Existence of jogs or other imperfections generally causes increased complexity and deficiency in OPC, because they do not represent the true intent of design. OPC tools can be configured to apply special treatment to exclude these special cases. However, such an approach typically results in complex and error prone OPC set-up.
One problem that the existence of jogs can cause becomes evident in connection with dissection. The existence of jogs, in the form of a pair of consecutive inner and outer corners, forces dissection at the polygon vertices in a manner similar to dissection of regular corners, as shown in FIG. 4. The difference, however, is that regular corners exhibit corner rounding effects in the printed image, as shown in FIG. 4(b), whereas jogs only cause a small tilt in the printed image whose distortion is far less than the rounding effect. As a result, the control at a jog location is tighter than that at the corners. In many cases, the optimum OPC is achieved by dissecting not at the jog vertices, but by dissecting near them, as shown in FIG. 4(c). This is generally not possible with normal OPC which is forced to dissect at vertices.
Currently, most known OPC techniques apply complicated algorithms to cope with jogs as special cases. This not only causes complexity in OPC, but also may not resolve all cases. This may lead to some jogs that are not considered ahead of time and, hence, not handled properly, which often necessitates rework. This also requires a great deal of flexibility in terms of controlling dissection for the OPC tool itself.

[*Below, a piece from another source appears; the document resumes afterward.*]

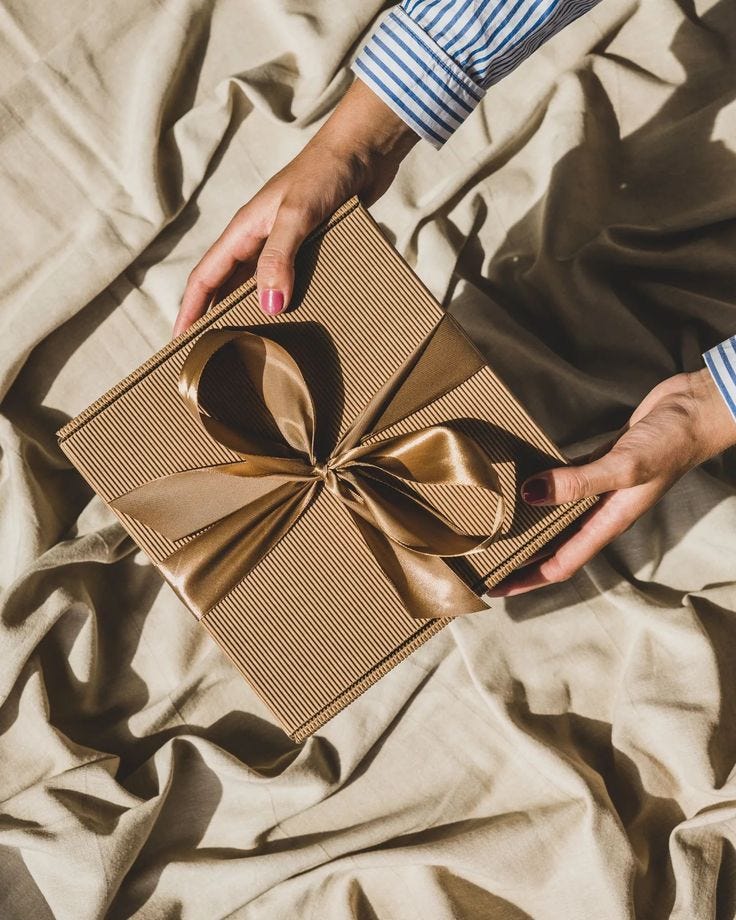 This may contain: a woman's hands holding a brown gift box with a large bow on it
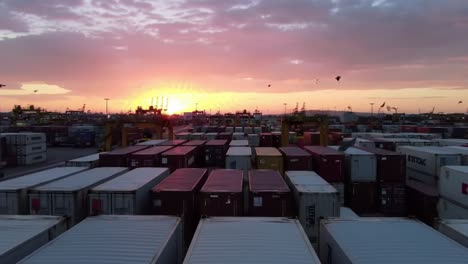a breathtaking sunset over a bustling shipping yard, showcasing colorful containers silhouetted against the sky, creating a stunning visual contrast and vibrant atmosphere.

In summary, OPC on real IC design layouts is often handicapped by the existence of nuisance jogs or other imperfections which may be due to design rule or post-design processing such as DRC, process bias, or Boolean operations before OPC is applied. The existence of jogs forces dissection at jog locations which are often not optimal, or simply missing dissection and correction when the jog is too small.
Thus, it would be desirable to provide an IC design layout processing system and method for performing layout processing which overcome the above limitations and disadvantages of conventional layout processing systems and techniques, for example, to solve the difficulty in applying OPC dissection caused by jogs, and facilitate generation of IC designs having improved manufacturability. It would also be desirable to provide a layout processing system and method that are simpler and more comprehensive than conventional systems and techniques currently used by OPC users, which are based on mostly complex algorithms and enumeration of special cases and which are generally more complicated and error prone. Further, it would be desirable to provide a layout processing system and method that can be applied even when the original data have jogs, for example, due to design rules, or are introduced by the application of process bias, for example. It is to these ends that the present invention is directed. The various embodiments of the present invention provide many advantages over conventional IC design methods and systems.